*Action item*:
Each line below must be reproduced exactly.

*Records supplied*:
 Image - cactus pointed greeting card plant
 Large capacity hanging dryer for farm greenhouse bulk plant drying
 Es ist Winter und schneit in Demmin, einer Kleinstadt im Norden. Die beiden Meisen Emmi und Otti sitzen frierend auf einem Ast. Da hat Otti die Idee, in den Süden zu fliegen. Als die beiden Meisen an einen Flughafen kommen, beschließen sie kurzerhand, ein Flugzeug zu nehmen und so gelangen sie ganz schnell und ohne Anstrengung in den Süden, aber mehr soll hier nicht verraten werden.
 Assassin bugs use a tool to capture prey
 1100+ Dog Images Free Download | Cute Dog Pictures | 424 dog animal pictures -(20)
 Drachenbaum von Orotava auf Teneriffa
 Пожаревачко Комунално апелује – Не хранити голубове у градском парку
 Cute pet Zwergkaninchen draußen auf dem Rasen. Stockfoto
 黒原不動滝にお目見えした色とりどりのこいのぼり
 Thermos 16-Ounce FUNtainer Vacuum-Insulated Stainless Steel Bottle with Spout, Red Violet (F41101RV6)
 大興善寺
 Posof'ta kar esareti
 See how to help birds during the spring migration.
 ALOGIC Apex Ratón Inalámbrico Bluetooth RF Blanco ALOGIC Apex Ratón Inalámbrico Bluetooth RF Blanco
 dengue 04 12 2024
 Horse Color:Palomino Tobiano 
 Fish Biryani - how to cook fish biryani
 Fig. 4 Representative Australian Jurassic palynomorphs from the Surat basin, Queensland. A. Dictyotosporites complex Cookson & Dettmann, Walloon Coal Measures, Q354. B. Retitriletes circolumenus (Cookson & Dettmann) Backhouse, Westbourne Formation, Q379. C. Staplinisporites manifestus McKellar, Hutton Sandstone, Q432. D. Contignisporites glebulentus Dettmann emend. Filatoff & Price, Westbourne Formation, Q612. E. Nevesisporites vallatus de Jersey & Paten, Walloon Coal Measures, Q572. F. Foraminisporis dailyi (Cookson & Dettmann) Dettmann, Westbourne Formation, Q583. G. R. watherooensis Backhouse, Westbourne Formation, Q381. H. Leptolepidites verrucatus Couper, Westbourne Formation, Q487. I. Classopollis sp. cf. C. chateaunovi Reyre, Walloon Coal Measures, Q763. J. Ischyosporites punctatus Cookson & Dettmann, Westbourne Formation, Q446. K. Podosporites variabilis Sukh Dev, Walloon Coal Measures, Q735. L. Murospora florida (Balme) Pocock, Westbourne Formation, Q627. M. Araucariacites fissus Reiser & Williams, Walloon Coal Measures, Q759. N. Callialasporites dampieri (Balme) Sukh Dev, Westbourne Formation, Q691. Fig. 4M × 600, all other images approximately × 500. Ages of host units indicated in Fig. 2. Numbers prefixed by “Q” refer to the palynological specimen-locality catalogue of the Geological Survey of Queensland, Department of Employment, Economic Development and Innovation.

*Output of the exercise*:
 Image - cactus pointed greeting card plant
 Large capacity hanging dryer for farm greenhouse bulk plant drying
 Es ist Winter und schneit in Demmin, einer Kleinstadt im Norden. Die beiden Meisen Emmi und Otti sitzen frierend auf einem Ast. Da hat Otti die Idee, in den Süden zu fliegen. Als die beiden Meisen an einen Flughafen kommen, beschließen sie kurzerhand, ein Flugzeug zu nehmen und so gelangen sie ganz schnell und ohne Anstrengung in den Süden, aber mehr soll hier nicht verraten werden.
 Assassin bugs use a tool to capture prey
 1100+ Dog Images Free Download | Cute Dog Pictures | 424 dog animal pictures -(20)
 Drachenbaum von Orotava auf Teneriffa
 Пожаревачко Комунално апелује – Не хранити голубове у градском парку
 Cute pet Zwergkaninchen draußen auf dem Rasen. Stockfoto
 黒原不動滝にお目見えした色とりどりのこいのぼり
 Thermos 16-Ounce FUNtainer Vacuum-Insulated Stainless Steel Bottle with Spout, Red Violet (F41101RV6)
 大興善寺
 Posof'ta kar esareti
 See how to help birds during the spring migration.
 ALOGIC Apex Ratón Inalámbrico Bluetooth RF Blanco ALOGIC Apex Ratón Inalámbrico Bluetooth RF Blanco
 dengue 04 12 2024
 Horse Color:Palomino Tobiano 
 Fish Biryani - how to cook fish biryani
 Fig. 4 Representative Australian Jurassic palynomorphs from the Surat basin, Queensland. A. Dictyotosporites complex Cookson & Dettmann, Walloon Coal Measures, Q354. B. Retitriletes circolumenus (Cookson & Dettmann) Backhouse, Westbourne Formation, Q379. C. Staplinisporites manifestus McKellar, Hutton Sandstone, Q432. D. Contignisporites glebulentus Dettmann emend. Filatoff & Price, Westbourne Formation, Q612. E. Nevesisporites vallatus de Jersey & Paten, Walloon Coal Measures, Q572. F. Foraminisporis dailyi (Cookson & Dettmann) Dettmann, Westbourne Formation, Q583. G. R. watherooensis Backhouse, Westbourne Formation, Q381. H. Leptolepidites verrucatus Couper, Westbourne Formation, Q487. I. Classopollis sp. cf. C. chateaunovi Reyre, Walloon Coal Measures, Q763. J. Ischyosporites punctatus Cookson & Dettmann, Westbourne Formation, Q446. K. Podosporites variabilis Sukh Dev, Walloon Coal Measures, Q735. L. Murospora florida (Balme) Pocock, Westbourne Formation, Q627. M. Araucariacites fissus Reiser & Williams, Walloon Coal Measures, Q759. N. Callialasporites dampieri (Balme) Sukh Dev, Westbourne Formation, Q691. Fig. 4M × 600, all other images approximately × 500. Ages of host units indicated in Fig. 2. Numbers prefixed by “Q” refer to the palynological specimen-locality catalogue of the Geological Survey of Queensland, Department of Employment, Economic Development and Innovation.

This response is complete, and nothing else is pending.